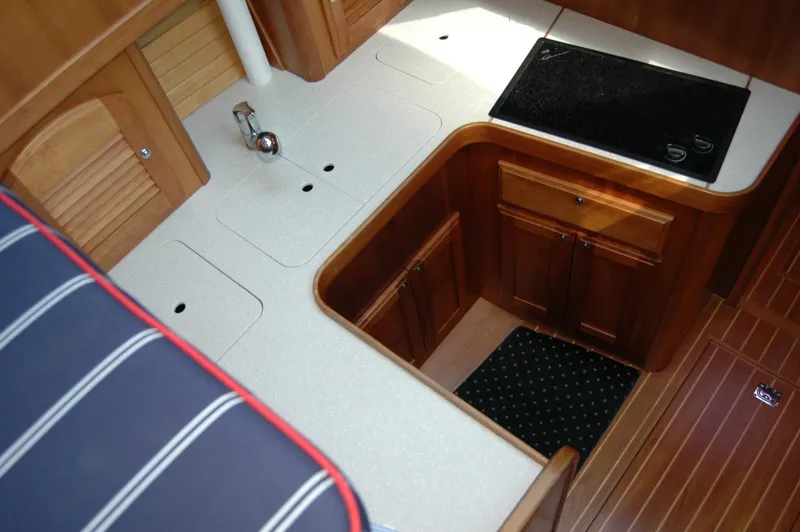 Slide: The Image of Sabre 36 Flybridge Sedan 2006 - 88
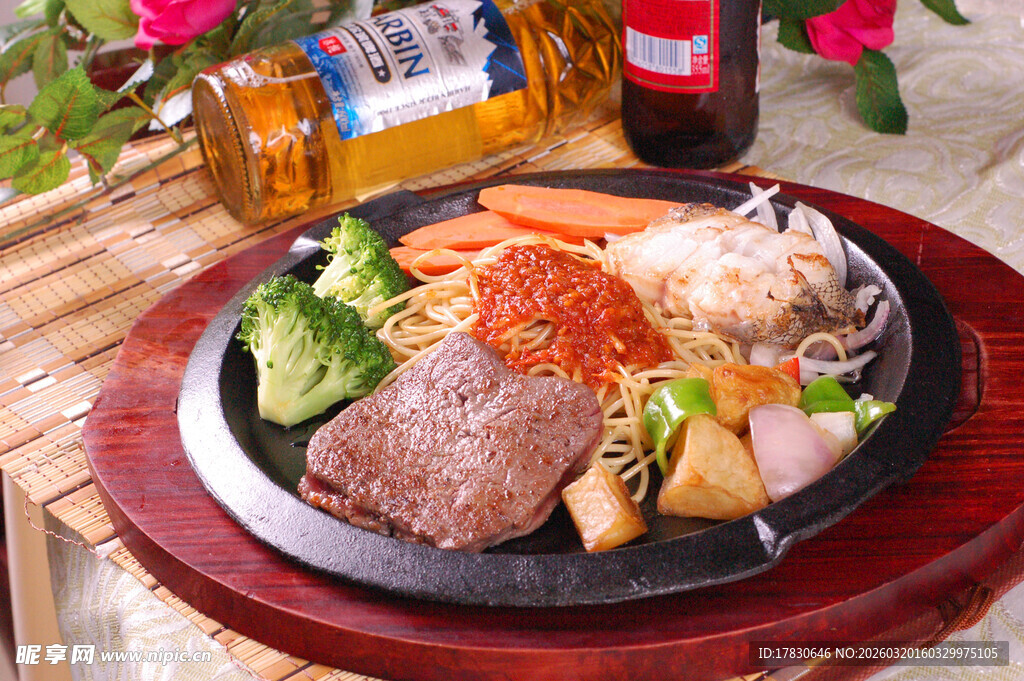 美味牛排套餐丰富食材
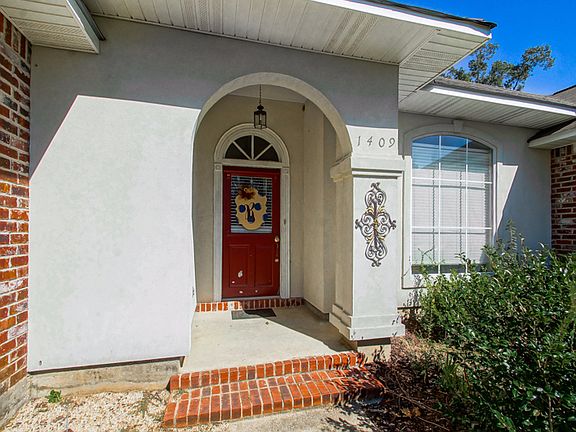 3rd image of 1409 Cottonwood Dr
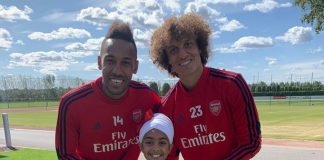 Arsenal stars meet a Sikh girl. What’s the story here?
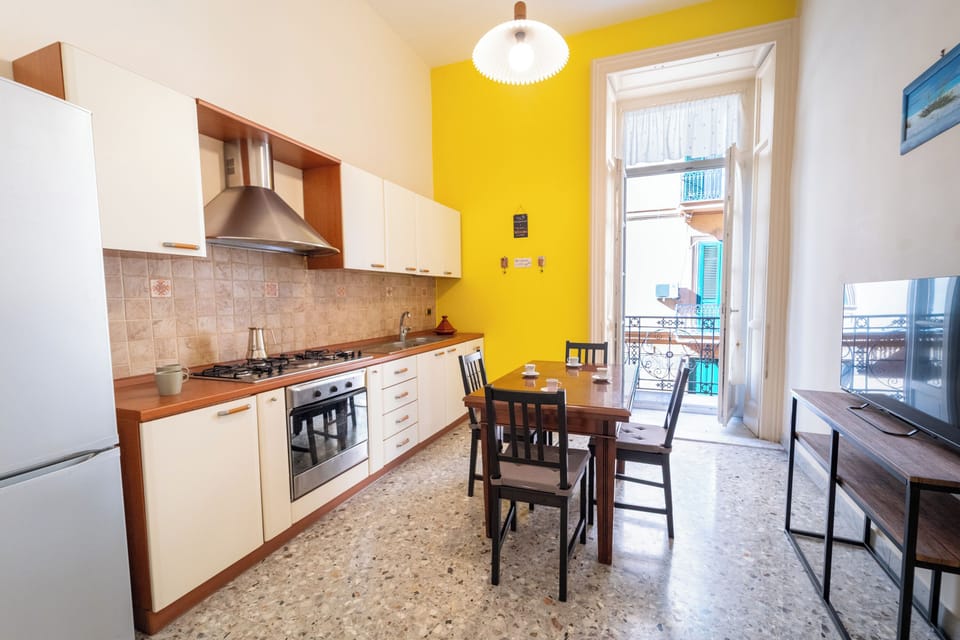 Basic Apartment, Balcony | Private kitchen | Fridge, oven, stovetop, electric kettle
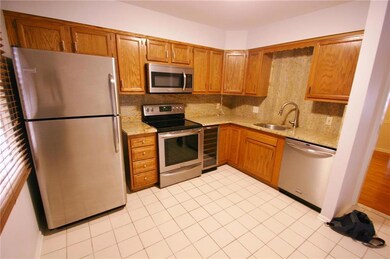 56 W Market St unit 10, Bethlehem, PA 18018 - photo 4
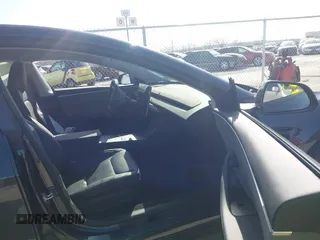 2024 Tesla Model 3 z VIN 5YJ3E1EA7RF721467, wystawiony jako IAAI lot #41857656 z przebiegiem 6 197 mil mil oraz . Historia ofert i sprzedaży dostępna na DreamBid. Obrazek 5.
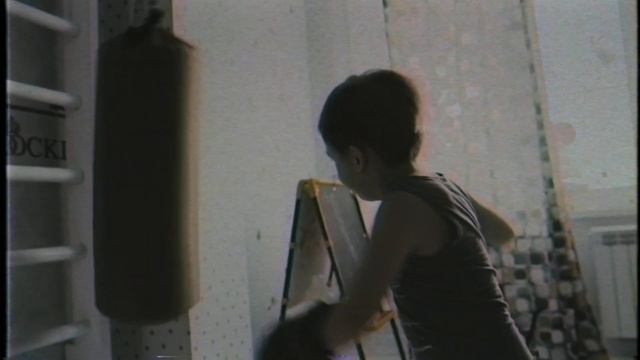 Повесили грушу, тренируюсь смотреть онлайн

· · · · · · ·

● What this task involves: Write out, word for word, the lines from the start of the data through the one holding "56 W Market". Omit pictures.

● Answer box:
 Slide: The Image of Sabre 36 Flybridge Sedan 2006 - 88
 美味牛排套餐丰富食材
 3rd image of 1409 Cottonwood Dr
 Arsenal stars meet a Sikh girl. What’s the story here?
 Basic Apartment, Balcony | Private kitchen | Fridge, oven, stovetop, electric kettle
 56 W Market St unit 10, Bethlehem, PA 18018 - photo 4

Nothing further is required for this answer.